→ TRY IT
Copy out the full listing below as it stands, with its pictures left behind.

→ RECORDED INFORMATION
::::::
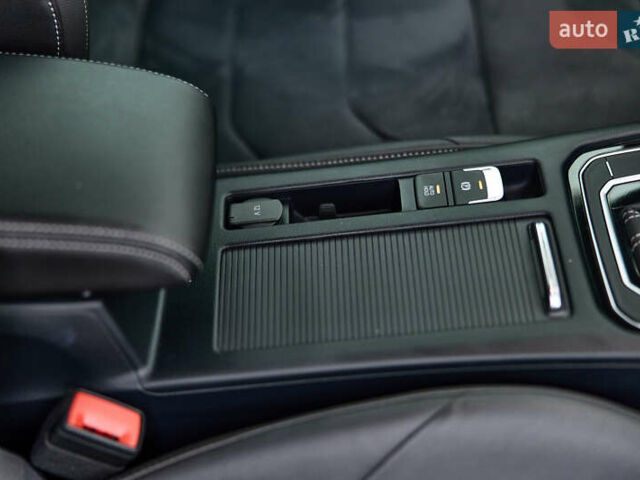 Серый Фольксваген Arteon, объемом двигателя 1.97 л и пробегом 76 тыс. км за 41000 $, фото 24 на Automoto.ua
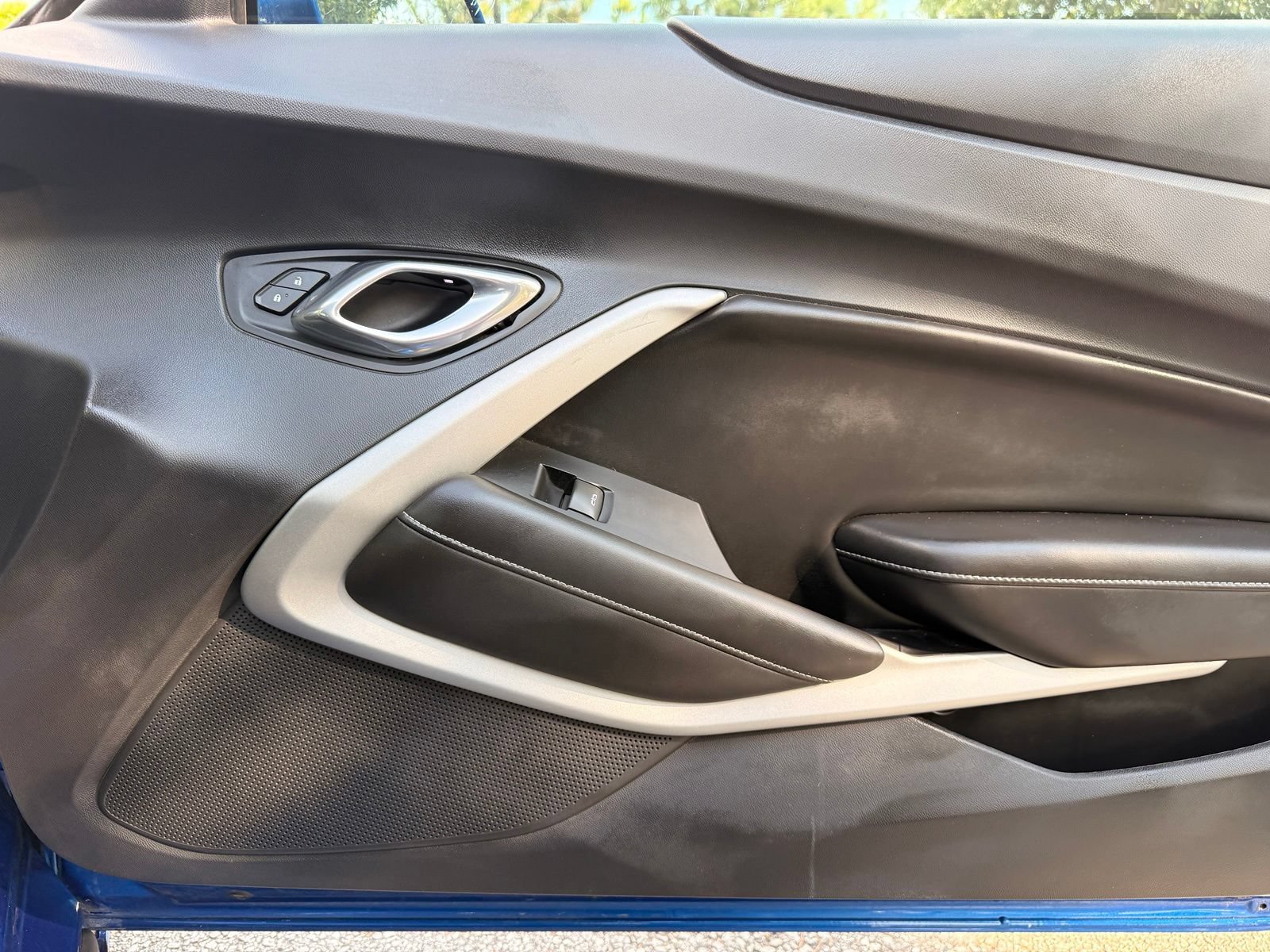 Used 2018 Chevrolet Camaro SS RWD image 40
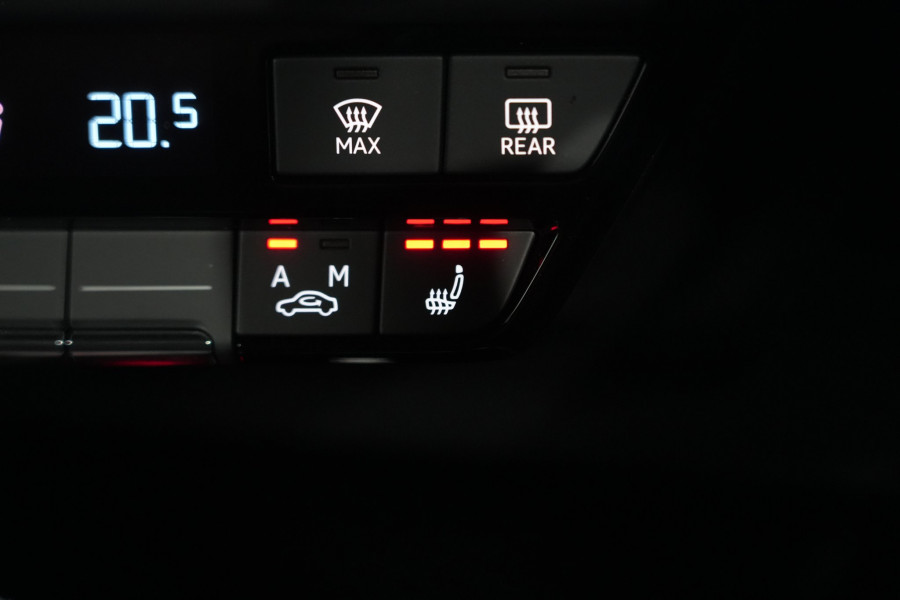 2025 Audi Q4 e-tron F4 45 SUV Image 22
::::::
→ FINAL ANSWER
 Серый Фольксваген Arteon, объемом двигателя 1.97 л и пробегом 76 тыс. км за 41000 $, фото 24 на Automoto.ua
 Used 2018 Chevrolet Camaro SS RWD image 40
 2025 Audi Q4 e-tron F4 45 SUV Image 22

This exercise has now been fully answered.